Esto último ocurre en la Venta de Moncalvillo, en el pueblo de Daroca de Rioja. El vino es un blanco nuevo, producido por una viña pequeña, más bien desconocida, pero de calidad notable. Los dueños de la Venta son dos hermanos jóvenes, dedicado, uno, a los menesteres de la cocina, y el otro, el sumiller, como se dice aquí con mayor propiedad que entre nosotros, a la bodega. Después del vino servido por el sumiller, nos llega una ensalada a base de borrajas y de otras verduras de la estación. Había oído hablar muchas veces del 'agua de borrajas', pero no sabía de qué se trataba. Las borrajas son verduras silvestres que crecen a la orilla de las acequias y canales, de la familia del apio y de las pencas, pero más suaves, más blandas, y tienen un gusto diferente de todo. Habría que ser poeta para describir el sabor, la consistencia, el aspecto de las borrajas. Estamos en la temporada precisa, por lo visto, y en la de las pochas. ¿Han escuchado ustedes hablar de las pochas?
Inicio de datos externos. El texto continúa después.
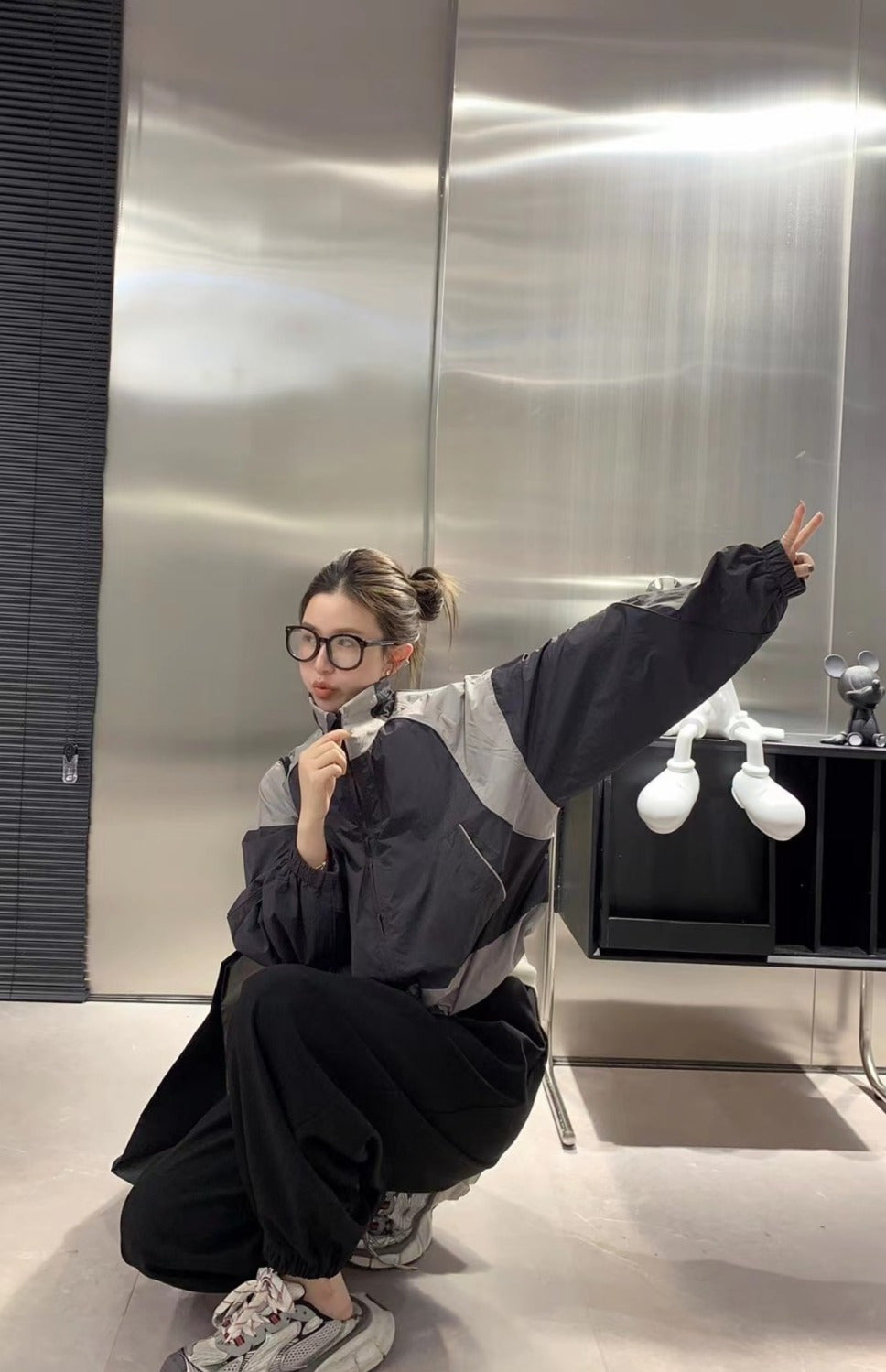 Vintage Top Stitching Shell Jacket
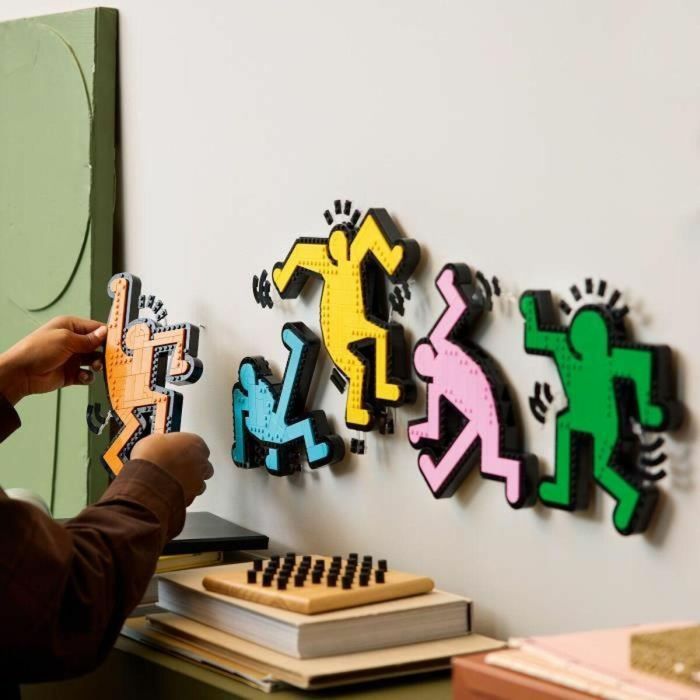 Lego 31216 Art Keith Haring Figuras Bailarinas Set Decoración Construcción para Adultos 3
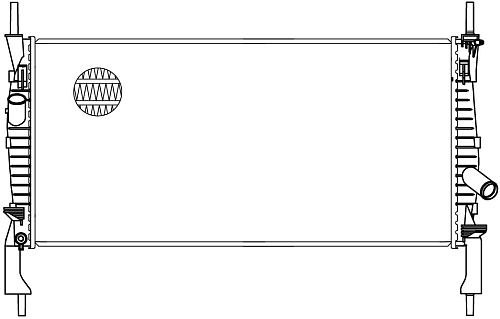 Радиатор охлаждения для автомобилей Transit (06-) A/C+ (паяный)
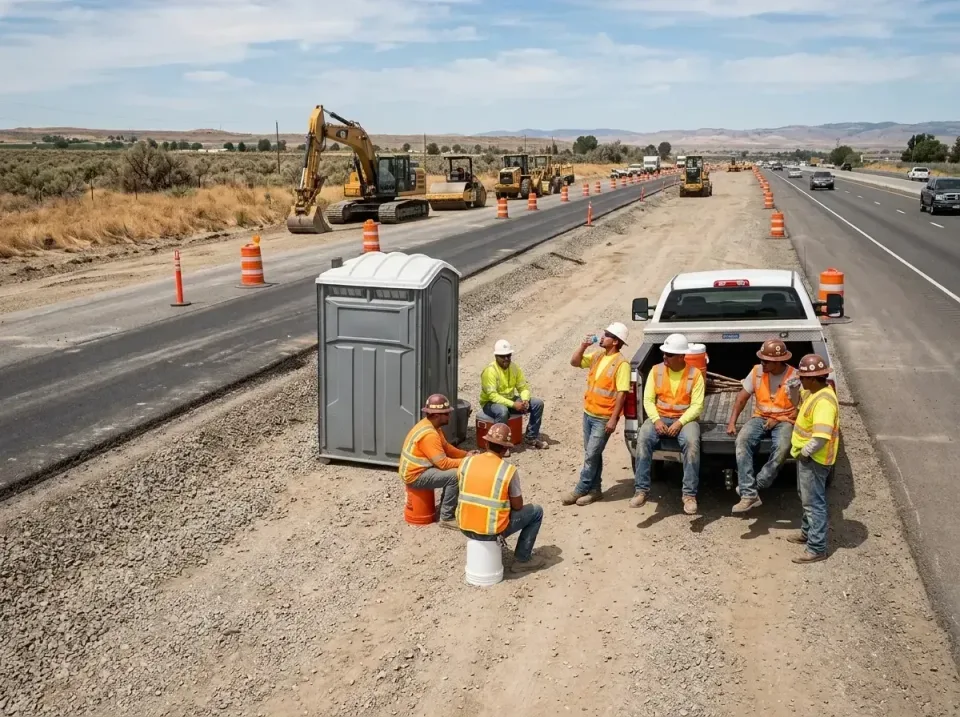 highway-road-construction-crew-007 — frequently asked questions, Porta Potty and Restroom Rentals in Lake Wildwood, CA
Las pochas son porotos nuevos de la estación, es decir, ni más ni menos, porotos granados. En el mercado se presentan en vainas parecidas a las nuestras, aunque un poco más claras. Y cuando el hermano dedicado a la cocina nos ofrece pochas con codornices o con almejas, uno de mis acompañantes, persona sensible, inspector del trabajo de profesión, melómano consumado y lector incesante por afición, nos interpreta y dice que preferimos 'pochas viudas', pochas solitarias. Por algo se inventó el idioma castellano cerca de estos montes y valles, entre viñedos que ya existían entonces. Y esto de las pochas viudas me hace pensar en los pallares monógamos de las regiones de Cachagua, el Pangue y Zapallar, que se comen sin acompañamiento alguno, hasta sin choclos y sin zapallo. Es, me digo, el tejido de la cultura y de la lengua, el sistema misterioso de vasos comunicantes, subterráneos, en el que estamos felizmente sumergidos, aunque en la mayoría de los casos no nos demos cuenta.